_Required action_. From the data below, please reproduce exactly everything from the line that contains "at vælge imellem" down to the line that contains "Taupe Gray Metallic", with both ends included.

_Provided material_.

○ ○ ○

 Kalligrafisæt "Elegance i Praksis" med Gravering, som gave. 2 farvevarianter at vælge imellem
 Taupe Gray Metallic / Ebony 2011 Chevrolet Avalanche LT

○ ○ ○

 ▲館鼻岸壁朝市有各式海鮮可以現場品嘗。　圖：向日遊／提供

○ ○ ○

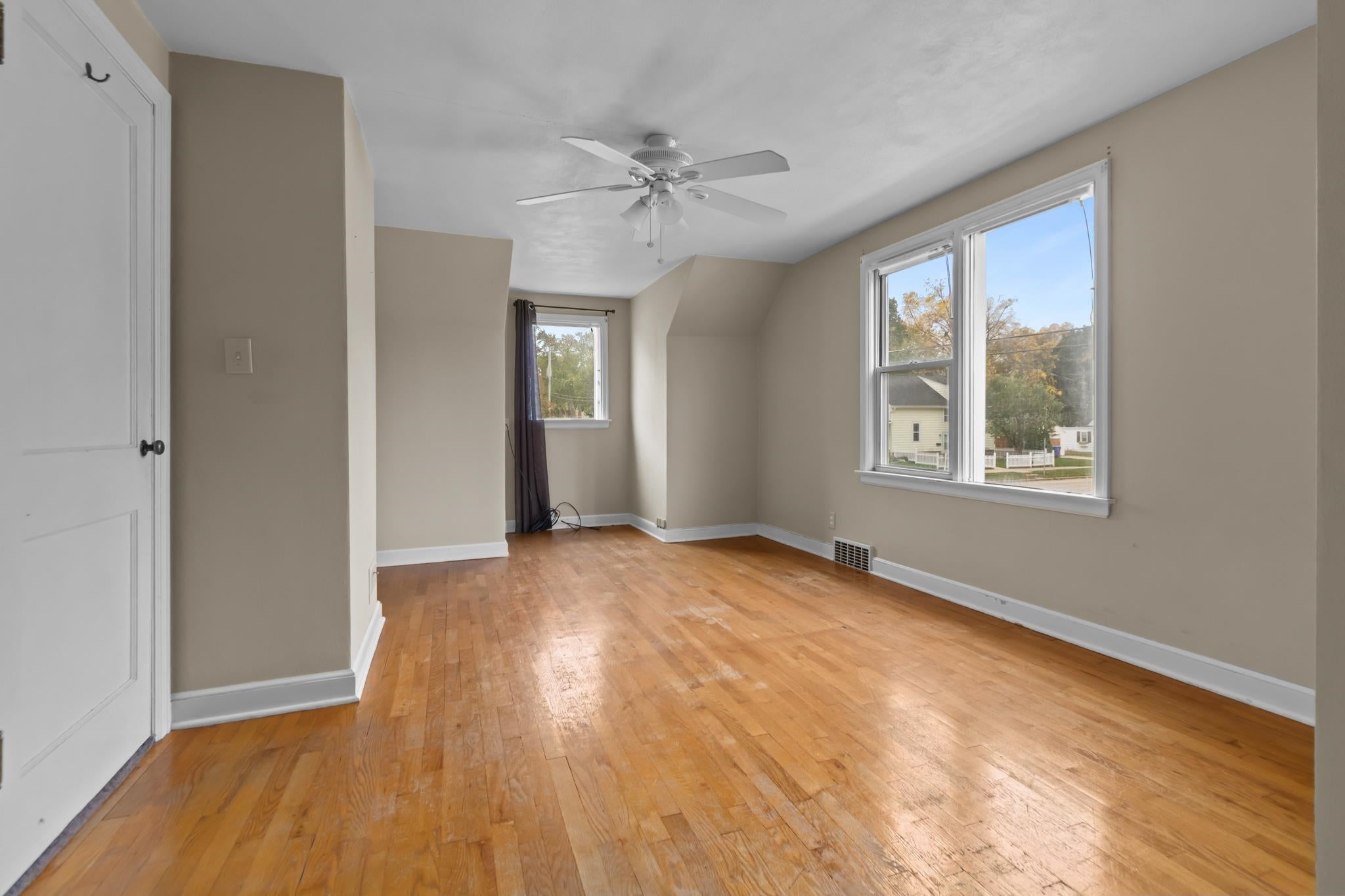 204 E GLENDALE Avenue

○ ○ ○

_Expected output_.
 Kalligrafisæt "Elegance i Praksis" med Gravering, som gave. 2 farvevarianter at vælge imellem
 Taupe Gray Metallic / Ebony 2011 Chevrolet Avalanche LT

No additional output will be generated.